Biomimetic nanopore for a mechanistic study of the nuclear pore complex

The biological cell is filled with many different types of nanometer-size pores and channels that control the exchange of ions and molecules between subcellular compartments. These passageways are of vital importance to cellular function. Examples include: ion channels at the cell surface that regulate the flow of ions; pores inserted into cell membranes upon viral infection that serve as conduits for genome transfer; and, the major focus of this project, the nuclear pore complex (NPC), which controls the transport of messenger RNA and proteins across the nuclear envelope of eukaryotic cells.

The NPC is the sole connection between the nucleus and the cytosol of eukaryotic cells. By connecting the genetic material and the protein-synthesizing apparatus, this remarkable cellular machine controls all transport of proteins and RNA across the nuclear envelope. A central characteristic of the NPC is that it functions as a selective sieve: while permeable to ions and small solutes (up to ~40 kD in mass), passage of larger molecules through this ‘gatekeeper’ is reserved for transport receptors (such as Impβ) that ferry cargo. The NPC is a complex macromolecular structure ( ~120 MDa in mass) composed of ~30 distinct protein subunits (referred to as nucleoporins or Nups). Roughly one third of these Nups contain natively unfolded FG domains, which are believed to constitute the key NPC components that regulate the selective access of transport receptor-cargo complexes across the channel.

Advances in nanotechnology now make it possible to study and shape matter at the nanometer scale, opening the way to imitate biological structures at the molecular level to both study and harness their ingenuity. Indeed, since their first fabrication about a decade ago, nanometer-sized pores and channels in solid-state materials have served as a scaffold for a variety of biology-inspired applications. A major direction of these efforts has been to devise molecular separation methods that exhibit selectivity based on specific biochemical properties. In other work, biologically derived pores have been employed as sensitive biosensors to detect molecules in solution. In this work, we pursue a relatively new avenue of application, combining both biological and synthetic components to recapitulate the properties of a complex biological system, the NPC, and to establish a new experimental scaffold to facilitate in vitro studies of the NPC that have not otherwise been possible.

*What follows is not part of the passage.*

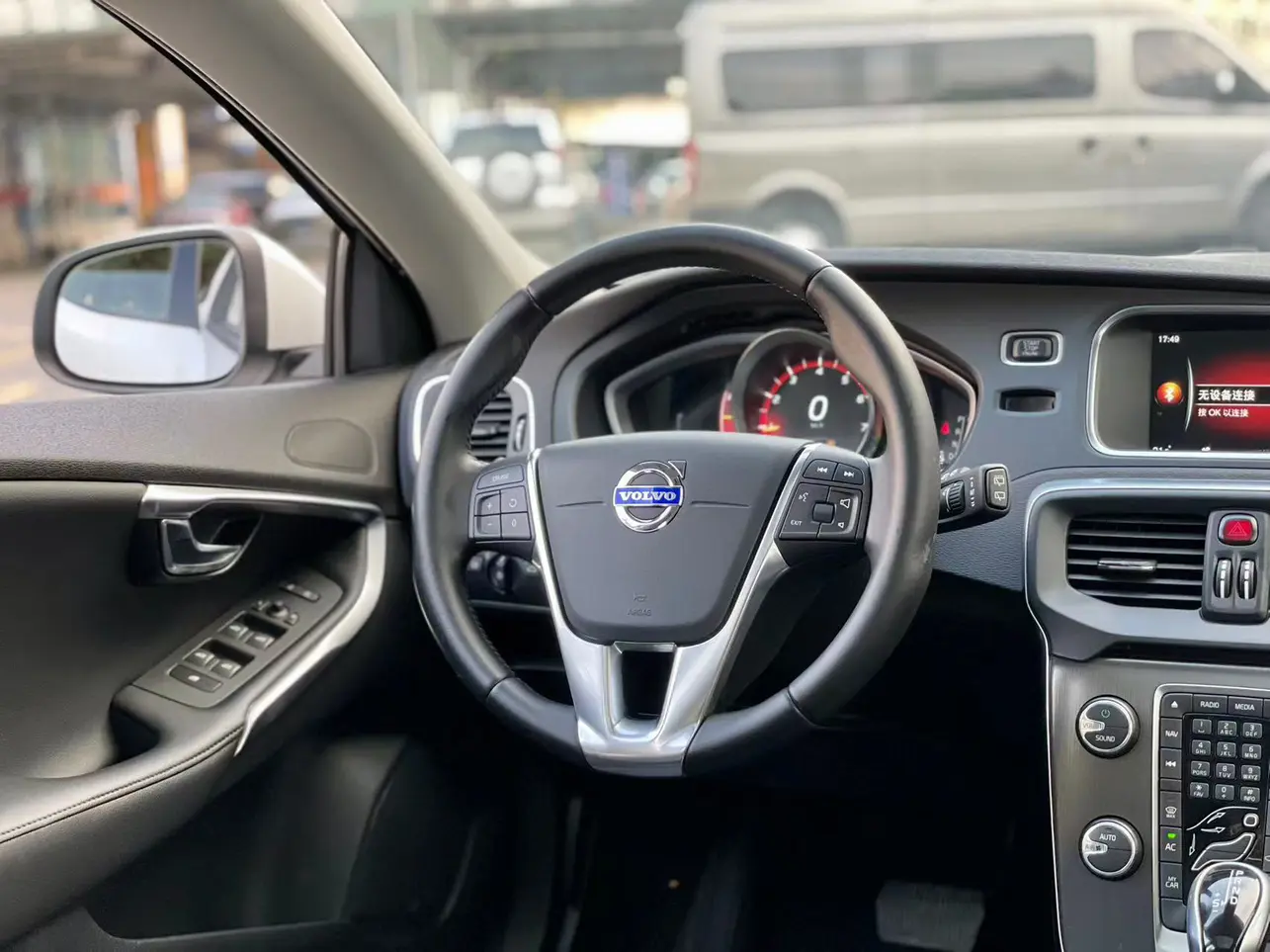 Volvo V40  из Китая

We have demonstrated a bottom-up approach that enables single-molecule transport studies on a biomimetic ‘minimalist NPC’ in vitro. By removing the complexity of the cellular environment, we are able to study the function of essential NPC components by increasing the complexity of our system in a step-wise manner. Our strategy involves constructing a biomimetic NPC by covalently tethering specifically chosen Nup proteins to a solid-state nanopore. We show that it is possible to electrically monitor the translocation of Impβ through such a biomimetic NPC at the single-molecule level with high temporal resolution. Our approach has the sensitivity to reveal subtle differences between different Nups that can be quantified and rationalized.

Excitingly, our biomimetic NPC recapitulates a key transport property of the native NPC, selectivity: it allows for the transport of the transport receptor, Impβ, but blocks the passage of non-receptor protein, BSA. In light of anticipated conformational differences between the different types of Nups, it is interesting to observe that biomimetic NPCs made of either Nup153 or Nup98 show very similar Impβ transport properties with dwell times in the range of ~2.5 ms for both Nups. The Nup153-coated pores are however less selective than that of Nup98-coated pores, which agrees with our finding that Nup153 allows for a larger open channel.

In summary, we have built a de novo designed ‘minimalist NPC’ that faithfully reproduces the essential feature of selectivity of the NPC. This tool is a significant step forward in experimentally studying the NPC by affording a much needed and unprecedented single-molecule in vitro assay suited for real-time, rigorous testing of key NPC components and their mechanistic role in selective transport. We have used electrophysiology as a new technique to measure the ionic conductivity as well as Impβ transport across the biomimetic pore at single-molecule resolution. We have found that translocation events through such biomimetic NPCs are indeed observed for transport receptors (Impβ) whereas the passage of non-specific proteins (BSA) is strongly inhibited. Importantly, our approach has the advantage of revealing subtle differences such as how Nup98-coated pores are more selective than Nup153-coated pores. Lastly, an artistic rendition promoting our biomimetic NPC was featured on the cover of the journal Trends in Biotechnology and is attached for illustrative purposes.


Further work to investigate the mechanistic interaction between FG-Nups and nuclear transport receptors has lead the design and development of a novel fluorescence microscopy method capable of nanometer-scale axial resolution at sub-second time resolutions. We have been able demonstrated our new technique in a proof-of-concept manner and will soon publish this result.

Finally, as this project has come to an end, it has evolved into an exciting new direction, undertaking a single-molecule investigation of the mechanistic details of the bacterial adaptive immune system known as CRISPR-Cas.